Car wash workers unionizing

October 2, 2011

Editor’s note: On Aug. 6, 15 young Mexican workers and student activists picketed the Robertson Car Wash for seven hours in support of low-wage immigrant car wash workers. They again picketed on Aug. 14, along with additional students from the AFL-CIO Union Summer program.

Of the very few drivers who came to have their cars washed, over half of them turned away, taking flyers describing the reason for the boycott. A janitor who has been picketing here for two years said that at the beginning the car wash was very busy, but since then business has declined.

The CLEAN (Community-Labor-Environmental Action Network) Carwash Campaign is a coalition of labor unions, immigrant rights, environmental and other progressive organizations in support of 7,000 to 10,000 car wash workers struggling to improve the substandard working conditions in the greater Los Angeles area. Its goal is also to help keep the environment clean and keep wastewater from polluting rivers and the ocean. Erik, a youth, writer, student and CLEAN Carwash Campaign organizer, told News & Letters:

Los Angeles–When the Campaign first started talking to the workers three years ago, the workers told them what was going on, then said, “We want your help in fixing this.” For instance, an owner would have a car washer work ten hours, but maybe pay them for only five or six. The workers needed the money, so they accepted it. There’s a lot of that.

The struggle includes having the boss provide clean drinking water, clean and proper restrooms, work in the shade, and rest and lunch breaks. California law says all workers are entitled to such breaks, regardless of their immigration status, but they aren’t provided by owners.

There is no standard for how car wash employers operate and treat the workers. Car wash owners operate against existing labor laws. Workers have to handle toxic chemicals, sometimes acids and waxes. Owners try to gain as much money as possible by exploiting the workers. With some workers, there are language barriers. Sometimes, immigration status is involved.

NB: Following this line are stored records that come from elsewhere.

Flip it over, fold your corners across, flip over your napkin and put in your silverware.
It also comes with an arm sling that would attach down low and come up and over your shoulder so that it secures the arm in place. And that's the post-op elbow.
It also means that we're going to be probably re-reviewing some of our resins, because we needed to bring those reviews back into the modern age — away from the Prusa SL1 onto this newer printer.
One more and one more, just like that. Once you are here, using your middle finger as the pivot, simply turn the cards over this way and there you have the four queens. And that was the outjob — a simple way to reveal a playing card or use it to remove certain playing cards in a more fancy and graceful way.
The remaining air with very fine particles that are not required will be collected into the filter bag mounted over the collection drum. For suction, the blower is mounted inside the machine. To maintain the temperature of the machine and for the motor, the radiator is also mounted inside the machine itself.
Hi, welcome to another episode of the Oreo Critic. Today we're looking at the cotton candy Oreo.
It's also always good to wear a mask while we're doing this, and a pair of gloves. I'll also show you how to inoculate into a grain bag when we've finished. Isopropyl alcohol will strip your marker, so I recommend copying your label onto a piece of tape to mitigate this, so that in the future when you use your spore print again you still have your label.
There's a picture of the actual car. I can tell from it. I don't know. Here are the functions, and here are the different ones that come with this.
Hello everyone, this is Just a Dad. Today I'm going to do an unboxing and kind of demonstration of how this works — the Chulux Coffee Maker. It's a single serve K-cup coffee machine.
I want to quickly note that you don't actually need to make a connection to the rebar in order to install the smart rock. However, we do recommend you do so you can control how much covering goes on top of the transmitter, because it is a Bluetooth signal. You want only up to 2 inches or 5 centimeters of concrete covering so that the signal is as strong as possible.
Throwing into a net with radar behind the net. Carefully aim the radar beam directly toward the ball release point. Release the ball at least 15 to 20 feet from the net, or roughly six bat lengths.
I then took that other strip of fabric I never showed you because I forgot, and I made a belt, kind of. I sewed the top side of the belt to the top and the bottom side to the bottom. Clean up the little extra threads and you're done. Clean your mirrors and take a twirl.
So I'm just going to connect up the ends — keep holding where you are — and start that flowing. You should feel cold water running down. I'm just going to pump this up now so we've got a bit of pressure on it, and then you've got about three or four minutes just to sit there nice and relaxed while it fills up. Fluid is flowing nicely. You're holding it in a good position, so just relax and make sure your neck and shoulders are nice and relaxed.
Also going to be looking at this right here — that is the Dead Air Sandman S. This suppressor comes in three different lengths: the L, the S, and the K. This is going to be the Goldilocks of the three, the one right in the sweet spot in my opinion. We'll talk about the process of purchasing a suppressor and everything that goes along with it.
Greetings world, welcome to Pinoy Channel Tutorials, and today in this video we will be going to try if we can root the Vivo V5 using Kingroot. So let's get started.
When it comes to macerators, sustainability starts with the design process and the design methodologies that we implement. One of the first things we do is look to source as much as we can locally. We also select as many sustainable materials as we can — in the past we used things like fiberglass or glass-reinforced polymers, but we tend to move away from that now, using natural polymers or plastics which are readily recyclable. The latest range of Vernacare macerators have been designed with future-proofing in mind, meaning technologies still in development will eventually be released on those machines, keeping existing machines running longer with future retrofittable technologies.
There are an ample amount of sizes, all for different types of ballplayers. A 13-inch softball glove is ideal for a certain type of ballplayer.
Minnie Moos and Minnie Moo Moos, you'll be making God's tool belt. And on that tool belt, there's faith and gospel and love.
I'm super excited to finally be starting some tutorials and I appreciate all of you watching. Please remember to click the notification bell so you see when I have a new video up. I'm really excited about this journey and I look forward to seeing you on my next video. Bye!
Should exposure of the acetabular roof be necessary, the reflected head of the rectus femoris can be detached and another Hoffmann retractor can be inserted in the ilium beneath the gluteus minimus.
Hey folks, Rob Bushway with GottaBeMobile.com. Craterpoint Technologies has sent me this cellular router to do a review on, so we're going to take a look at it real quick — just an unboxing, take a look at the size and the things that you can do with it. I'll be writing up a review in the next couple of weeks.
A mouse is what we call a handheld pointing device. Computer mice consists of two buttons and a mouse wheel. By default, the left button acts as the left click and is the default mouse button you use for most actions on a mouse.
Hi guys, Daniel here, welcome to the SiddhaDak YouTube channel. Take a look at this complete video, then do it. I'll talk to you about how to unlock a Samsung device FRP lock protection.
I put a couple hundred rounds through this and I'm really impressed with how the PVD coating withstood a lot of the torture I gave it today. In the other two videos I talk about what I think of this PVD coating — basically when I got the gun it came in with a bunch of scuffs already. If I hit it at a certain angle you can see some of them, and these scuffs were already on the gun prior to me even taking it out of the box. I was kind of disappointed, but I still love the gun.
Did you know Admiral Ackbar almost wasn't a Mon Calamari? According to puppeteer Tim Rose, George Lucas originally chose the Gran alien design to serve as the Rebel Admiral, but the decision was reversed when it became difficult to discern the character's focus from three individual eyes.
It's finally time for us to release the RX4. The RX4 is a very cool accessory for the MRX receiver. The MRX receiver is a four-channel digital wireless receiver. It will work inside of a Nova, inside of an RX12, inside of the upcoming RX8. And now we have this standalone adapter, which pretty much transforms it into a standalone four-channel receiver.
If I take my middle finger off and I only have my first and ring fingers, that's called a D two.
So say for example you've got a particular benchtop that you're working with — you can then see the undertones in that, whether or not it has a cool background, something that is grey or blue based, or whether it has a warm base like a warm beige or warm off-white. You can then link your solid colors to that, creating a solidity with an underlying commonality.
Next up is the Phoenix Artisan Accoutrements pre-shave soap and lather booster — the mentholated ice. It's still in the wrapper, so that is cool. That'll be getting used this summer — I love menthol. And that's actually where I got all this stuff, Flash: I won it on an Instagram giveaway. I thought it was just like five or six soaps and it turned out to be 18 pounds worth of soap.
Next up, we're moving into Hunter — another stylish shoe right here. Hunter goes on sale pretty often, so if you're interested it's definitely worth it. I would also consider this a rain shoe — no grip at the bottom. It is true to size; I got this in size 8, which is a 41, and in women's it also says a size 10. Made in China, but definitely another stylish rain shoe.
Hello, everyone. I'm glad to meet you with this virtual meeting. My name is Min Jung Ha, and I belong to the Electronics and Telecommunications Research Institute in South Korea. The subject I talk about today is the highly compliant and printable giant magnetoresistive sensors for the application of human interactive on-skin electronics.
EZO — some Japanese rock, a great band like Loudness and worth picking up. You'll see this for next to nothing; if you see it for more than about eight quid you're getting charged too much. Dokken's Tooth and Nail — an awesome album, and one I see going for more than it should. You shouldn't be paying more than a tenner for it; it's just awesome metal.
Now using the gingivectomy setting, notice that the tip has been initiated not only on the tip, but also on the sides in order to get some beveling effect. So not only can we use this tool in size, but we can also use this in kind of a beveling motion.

A lot of times, not understanding that they’re entitled to their rights, they fear the authorities. So it’s hard for them to understand that their legal status has nothing to do with them as workers. The owners exploit this, threatening them and saying, if you don’t cooperate, we’re calling the police, or immigration; or, if you don’t like this job, go somewhere else. People need to support themselves or their family, so out of that need they stay and put up with all that goes on.

When businesses offer specials at bargain prices, it usually comes at a cost to the worker. There have been times when workers complained about not getting paid or not getting a break. They tell them to go home, or not to come back to work for a month. If the owners are really bad, they’ll fire them, saying there are plenty of people who want the job, willing to put up with the abuse and not complain.

Our goal is to reach an agreement with the owners, for them to sign a contract with the CLEAN Carwash Campaign that unionizes the industry and brings about standard working conditions for all car washers.